» **DATA SUPPLIED**
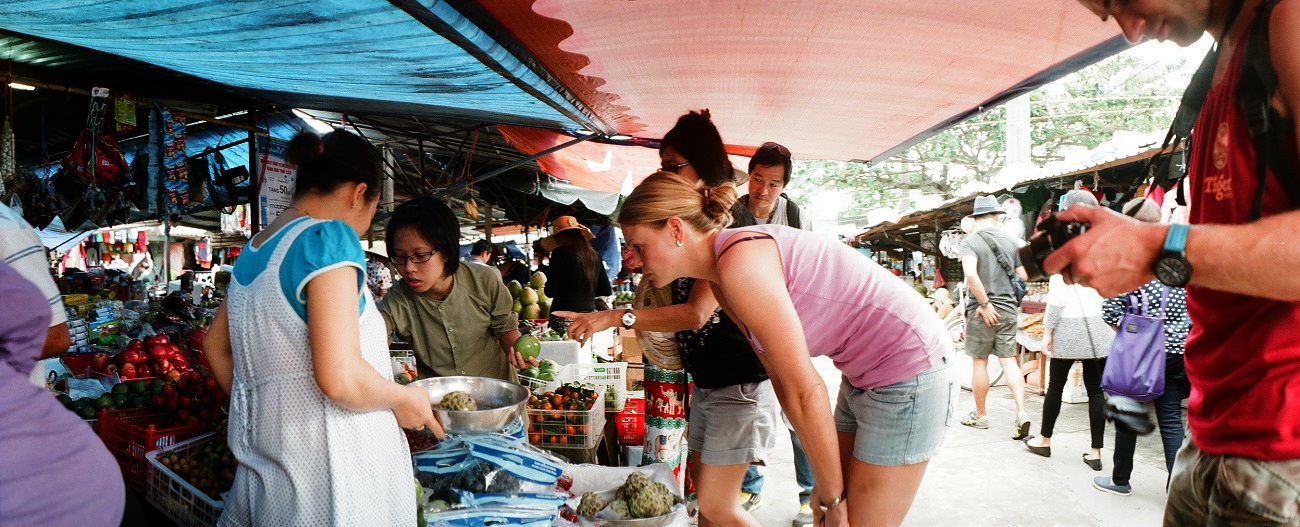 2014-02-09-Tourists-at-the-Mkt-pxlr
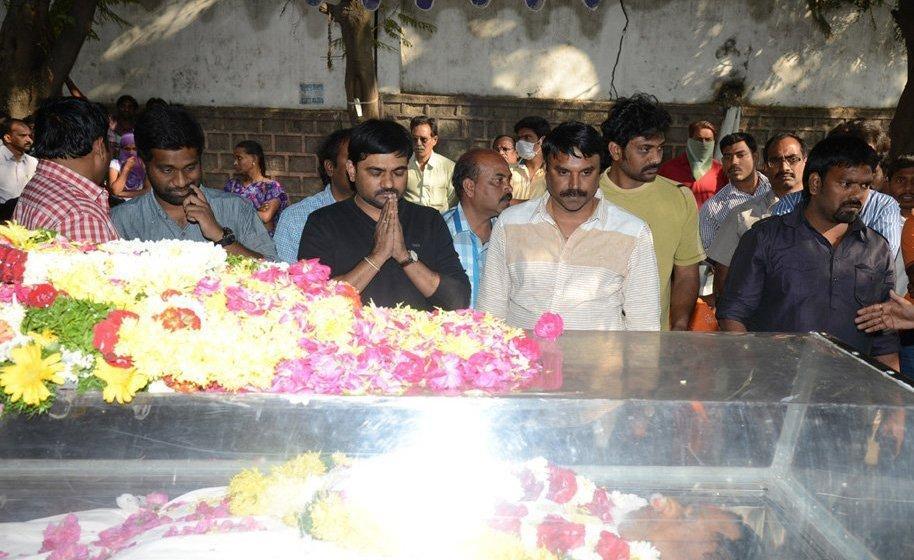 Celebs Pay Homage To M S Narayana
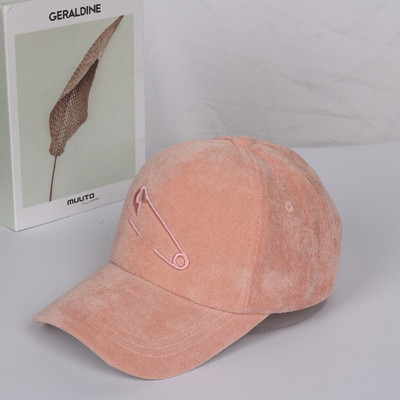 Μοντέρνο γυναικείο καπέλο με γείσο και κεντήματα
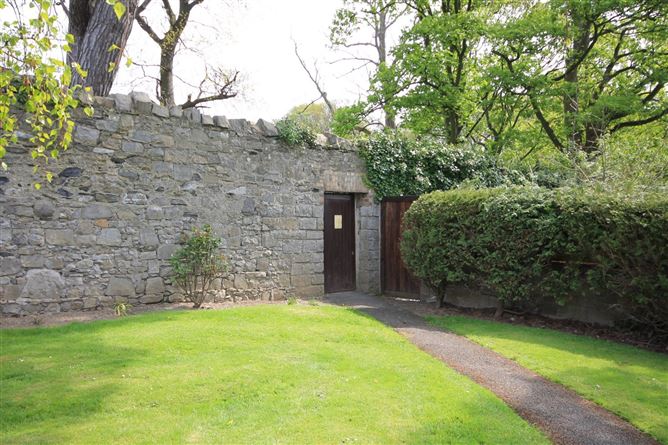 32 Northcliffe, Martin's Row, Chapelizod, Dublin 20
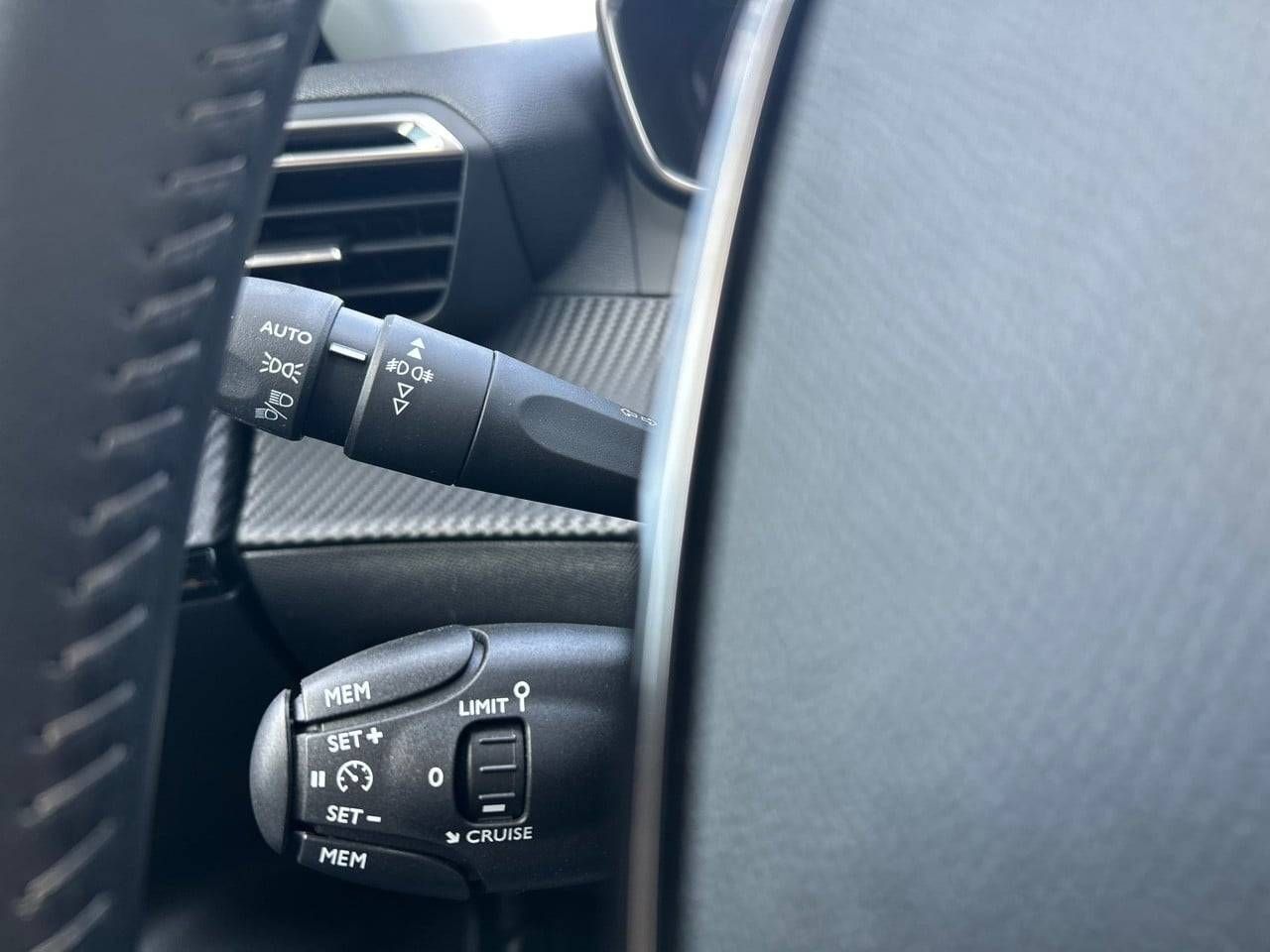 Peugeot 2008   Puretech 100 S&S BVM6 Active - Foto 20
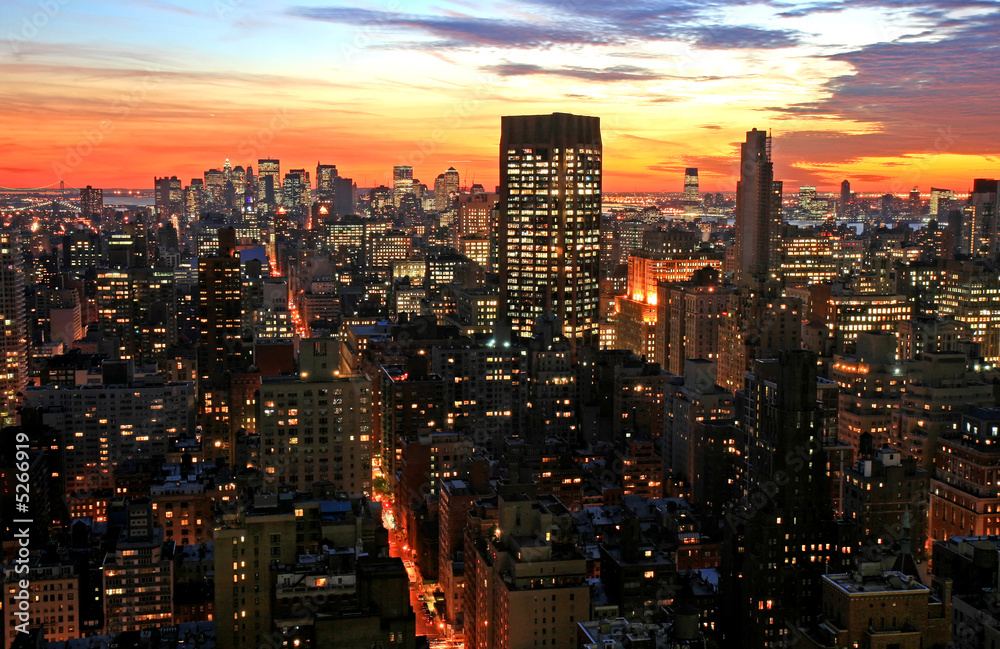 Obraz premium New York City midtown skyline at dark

» **EXERCISE**
What is needed is an exact copy of all the records, minus any pictures.

» **SOLUTION TO THIS EXERCISE**
 2014-02-09-Tourists-at-the-Mkt-pxlr
 Celebs Pay Homage To M S Narayana
 Μοντέρνο γυναικείο καπέλο με γείσο και κεντήματα
 32 Northcliffe, Martin's Row, Chapelizod, Dublin 20
 Peugeot 2008   Puretech 100 S&S BVM6 Active - Foto 20
 Obraz premium New York City midtown skyline at dark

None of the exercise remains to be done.